Help plz About Complex

[wiselyX]

Given a=3+7i is root of the quadratic equation X^2+px+q=0, where p and q are real numbers.

Question a)Someone claims B=3-7i is also root of the equations.Yes or No ??Explain your answer

 

[Dr.Peterson]

Have you learned a theorem about complex roots of polynomials with real coefficients?

If not, there are several ways you might convince yourself in the case of a quadratic. Please either make an attempt, or just tell us what you have learned that might be useful. One such thing would be the quadratic formula; another could be the factor theorem.

 

[wiselyX]

Have you learned a theorem about complex roots of polynomials with real coefficients?

If not, there are several ways you might convince yourself in the case of a quadratic. Please either make an attempt, or just tell us what you have learned that might be useful. One such thing would be the quadratic formula; another could be the factor theorem.

Is it complex conjugate?? But it is not in my syllabus, so have other ways to solve this problem

 

[pka]

Given a=3+7i is root of the quadratic equation X^2+px+q=0, where p and q are real numbers.
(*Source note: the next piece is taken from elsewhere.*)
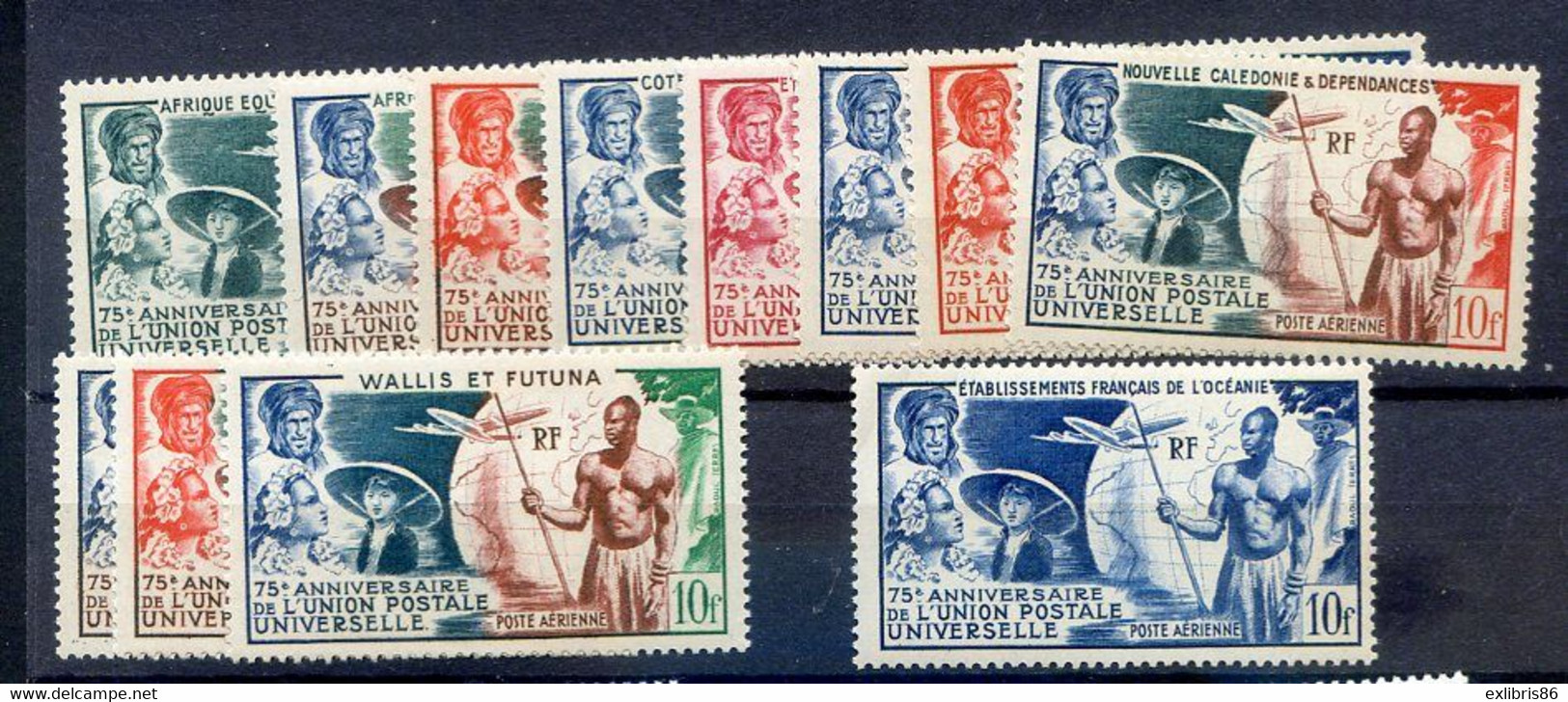 Série Coloniale 1949 UPU, PA 12 Valeurs Neuf XX - 1949 75e Anniversaire De L'UPU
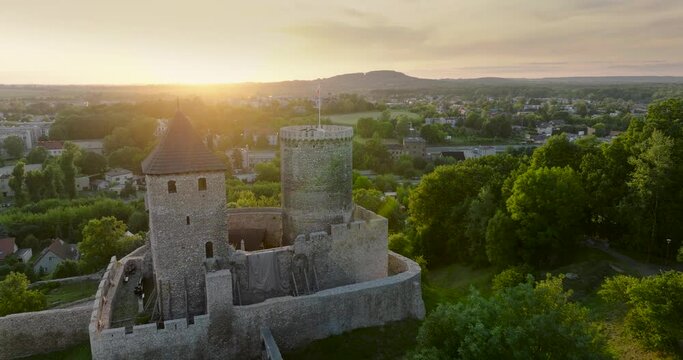 Aerial view of the Castle in Bedzin at sunset, Upper Silesia, Poland.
Notation: suppose \(z=a+bi\) then the congregate is \(\overline{~z~}=a-bi\).
Can you show that \((x-z)(x-\overline{~z~})=x^2-2ax+a^2+b^2~?\)

 

[wiselyX]

Notation: suppose \(z=a+bi\) then the congregate is \(\overline{~z~}=a-bi\).
Can you show that \((x-z)(x-\overline{~z~})=x^2-2ax+a^2+b^2~?\)

Sorry, I haven't learned complex conjugate, and I think my math teacher won't let me use this way, so have other ways to solve?Plz

 

[yoscar04]

Notation: suppose \(z=a+bi\) then the congregate is \(\overline{~z~}=a-bi\).
Can you show that \((x-z)(x-\overline{~z~})=x^2-2ax+a^2+b^2~?\)

You meant "conjugate", right?

 

[Deleted member 4993]

Given a=3+7i is root of the quadratic equation X^2+px+q=0, where p and q are real numbers.

Question a)Someone claims B=3-7i is also root of the equations.Yes or No ??Explain your answer

One of the ways to do this, w/o using the term (complex conjugate):

Since x = 3 + 7i is a root of the equation, we have:

(3 + 7i)^2 + p*(3+7i) + q =0

You should be able to get two expressions (collecting real and imaginary parts)

one describing 'p' and​

​

second describing 'q''.​

Now, using those two expressions for 'p' and 'q' evaluate:

(3-7i)^2 + p*(3-7i) + q = ?

 

[pka]

You can always use simple algebra: SEE HERE.
\([x-(3+7i)]*[x-(3-7i)]=~?\)

 

[HallsofIvy]

Given a=3+7i is root of the quadratic equation X^2+px+q=0, where p and q are real numbers.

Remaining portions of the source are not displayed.